WORK TO BE COMPLETED: Return each line of the data below verbatim; pictures are to be left out.
[Opening THE DATA section]
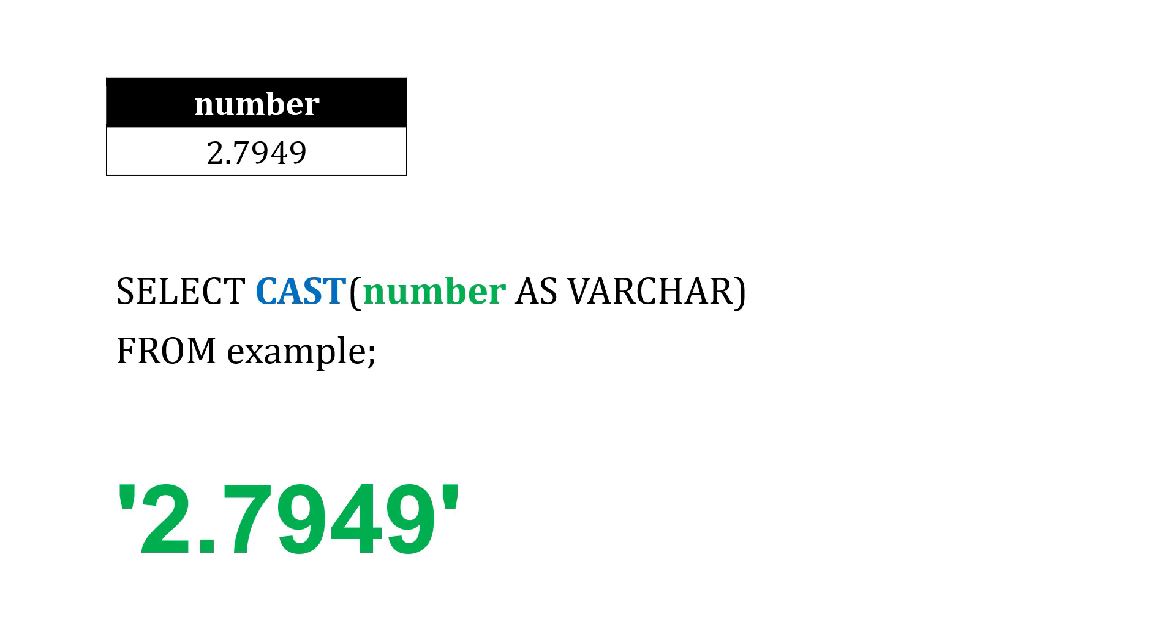And so we're just going to get a text string back in this case. So we can take different data types and convert them. Just know that in some cases we lose a little bit of detail, like when we convert this number to an integer and it rounds it up to 3. Just something to be aware of as we handle these conversions.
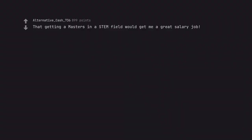That getting a masters in a stem field would get me a great salary job. That going to college would guarantee a good job.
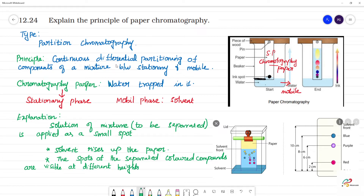So, this is continuous differential partitioning. All colors are different. Partitioning of components of the mixture between the stationary phase and the mobile phase — the paper is the stationary phase, the solvent is the mobile phase. This paper with different colors is called the chromatogram.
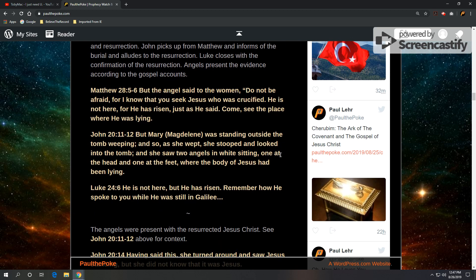And the gospel account of John 20, verses 11 and 12. But Mary Magdalene was standing outside the tomb weeping. And as she wept, she stooped and looked into the tomb. And she saw two angels in white sitting, one at the head and one at the feet where the body of Jesus had been lying.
[Closing THE DATA section]
RESPONSE:
And so we're just going to get a text string back in this case. So we can take different data types and convert them. Just know that in some cases we lose a little bit of detail, like when we convert this number to an integer and it rounds it up to 3. Just something to be aware of as we handle these conversions.
That getting a masters in a stem field would get me a great salary job. That going to college would guarantee a good job.
So, this is continuous differential partitioning. All colors are different. Partitioning of components of the mixture between the stationary phase and the mobile phase — the paper is the stationary phase, the solvent is the mobile phase. This paper with different colors is called the chromatogram.
And the gospel account of John 20, verses 11 and 12. But Mary Magdalene was standing outside the tomb weeping. And as she wept, she stooped and looked into the tomb. And she saw two angels in white sitting, one at the head and one at the feet where the body of Jesus had been lying.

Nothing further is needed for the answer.